Wie sinnvoll eine intensive Zusammenarbeit u.a. mit Arbeitsagenturen und Jobcentern sein kann, berichtete Tim Blankennagel, Geschäftsführer der Blankennagel Gruppe in Wuppertal. Das Wuppertaler Busunternehmen ist größtenteils im ÖPNV tätig. Tim Blankennagel befasst sich schwerpunktmäßig mit dem Thema Personal im Unternehmen. Der Jungunternehmer kümmert sich intensiv um die Personalgewinnung. „Ich arbeite zwölf Monate im Jahr dauerhaft, damit wir unsere Leistung auf die Straße bringen“, verdeutlicht er den Aufwand an Zeit und Mühe, die investiert werden müssen und fügt an: „Das ist ein dauerhafter Prozess.“ Das Ergebnis kann sich sehen lassen: Wie Tim Blankennagel verrät, herrscht kein akuter Fahrermangel in seinem Betrieb, aber ein Bedarf sei immer da. „Wenn ich aufhören würde zu suchen, dann hätten wir ein massives Problem.“ Das Unternehmen schöpft bei der Personalsuche alle Kanäle aus, neben der Zusammenarbeit mit den Arbeitsagenturen, bildet man Personal im eigenen Betrieb aus und pflegt auch eigenständig Kontakte zu anderen europäischen Ländern. Vor Corona hat die Blankennagel Gruppe zudem Bewerbertage in Zusammenarbeit mit der Arbeitsagentur veranstaltet.

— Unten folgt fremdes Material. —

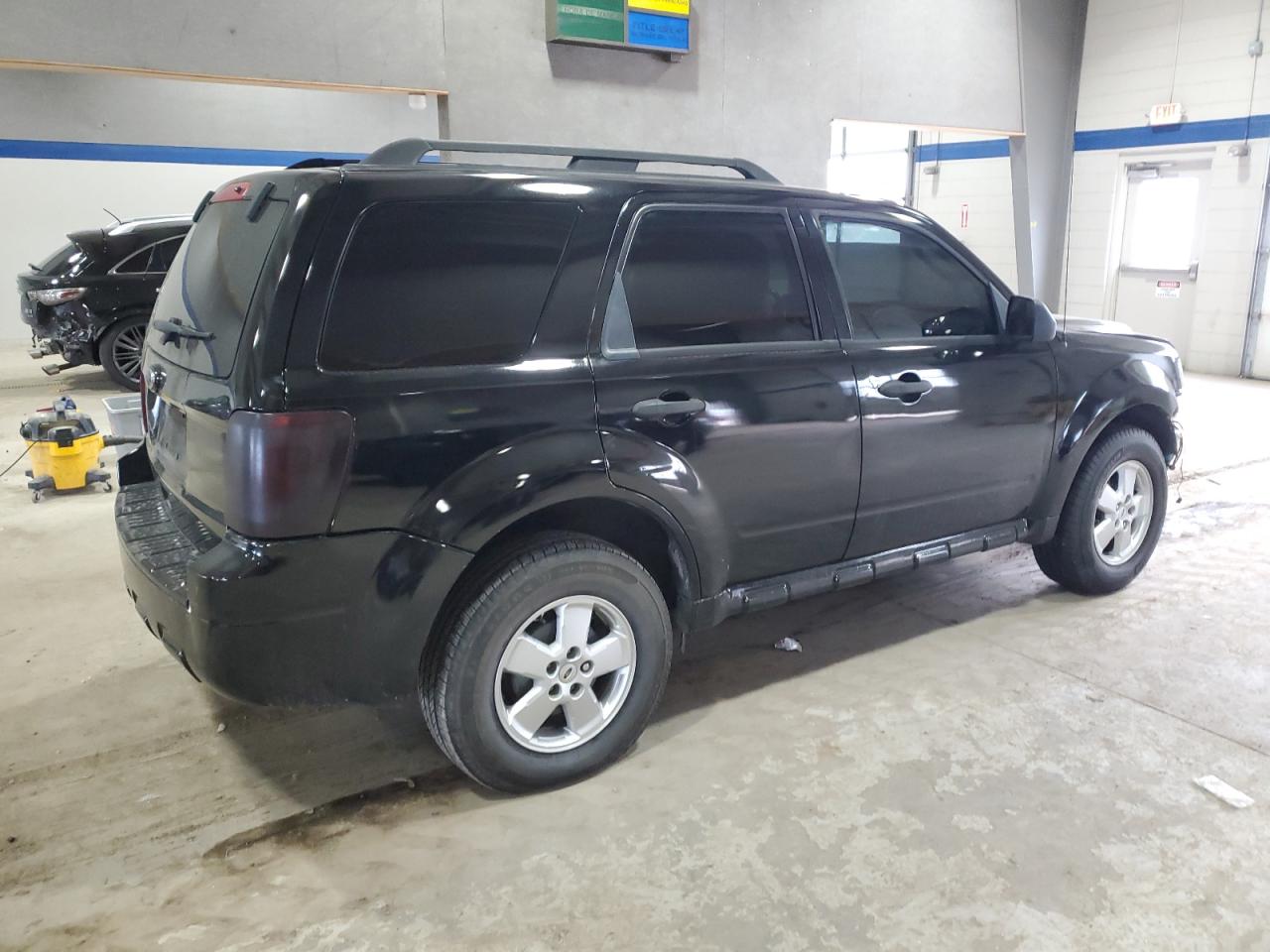 2010 Ford Escape - Image 3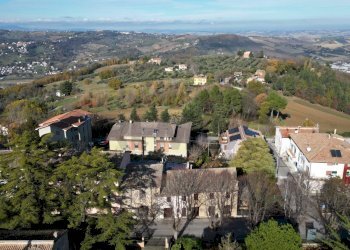 Vista delle montagne - Quadrilocale Via Spontini
 
14, Maiolati Spontini - foto 25
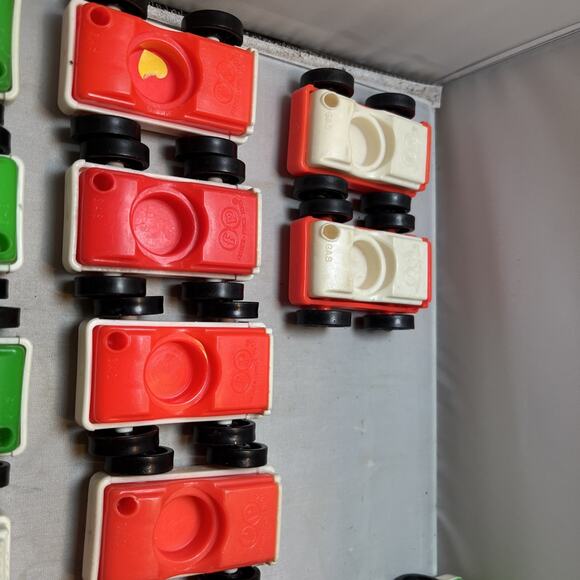 Vintage 21 Fisher Price Little People Lot of Vehicles Cars Taxi Etc - Picture 3 of 5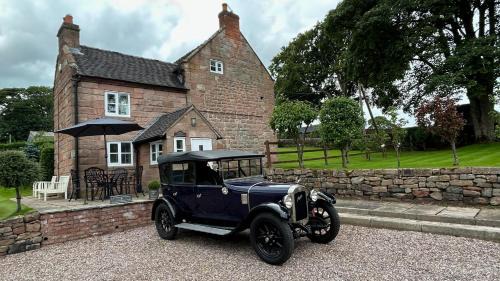 Cauldon Low House | Farmhouse - Sleeps 6 - Pet friendly - Garden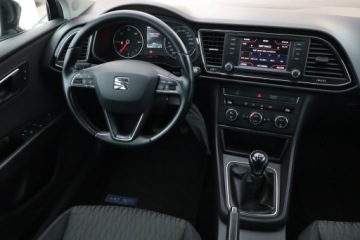 Seat Leon III ST 1.6 TDI CR 105KM 2015 Seat Leon 1.6 TDI, Klima, Klimatronic, Tempomat, zdjęcie 6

Verknappung des Personals wird massiv befeuert

Wie dramatisch der Fahrermangel ist, zeigt der Verband Deutscher Verkehrsunternehmen (VDV) auf: „Für die Mobilitätswende werden bis 2030 rund 110.000 Fachkräfte allein für den ÖPNV gesucht. Hinzu kommt der Personalbedarf im Fern- und Güterverkehr auf der Schiene.“ Bis 2030 muss für fast die Hälfte der rund 151.000 Beschäftigten im öffentlichen Personenverkehr eine Neubesetzung gefunden werden“, teilte der Verband auf Bus Blickpunkt-Anfrage mit. Viele werden in den Ruhestand gehen in den kommenden Jahren, und es gilt diese Stellen zu besetzen, um das Angebot aufrechtzuerhalten. Warum wurde das Problem nicht schon früher erkannt und angegangen?

Auf diese Frage antwortete Eike Arnold, stv. Pressesprecher des VDV: „Über Jahre und Jahrzehnte wurde beim ÖPNV vor allem auf den Kostendeckungsgrad geschaut: Öffentlicher Nahverkehr durfte nichts kosten, die Unternehmen wurden auf Effizienz getrimmt. Mit der Verpflichtung auf die internationalen Klimaschutzziele wird nun seit einigen Jahren eine Mobilitätswende hin zu mehr ÖPNV gefordert.“ Man soll digitaler werden, das Ticketing umstellen, On-Demand-Verkehre einführen, künftig auch autonom fahren. Was einen Mehrbedarf an Infrastruktur, Fahrzeugen – und vor allem an Personal nach sich zieht. Dadurch wird die Verknappung des Personals massiv befeuert. Wer soll all diese zusätzlichen Dinge umsetzen?

Fakt ist, der Markt braucht verkehrspolitische Unterstützung und wirksame Fördermaßnahmen. „Es ist unbedingt erforderlich, gemeinsam mit der Politik die Arbeitsbedingungen für das Fahrpersonal zu verbessern. Darüber hinaus muss dringend nach Lösungen gesucht werden, wie der Berufszugang verbessert werden könnte. Dabei wäre eine Ausweitung der Förderprogramme von Aus- und Weiterbildung im Verkehrsgewerbe absolut angebracht“, so Molo-Geschäftsführer Heiko Nagel.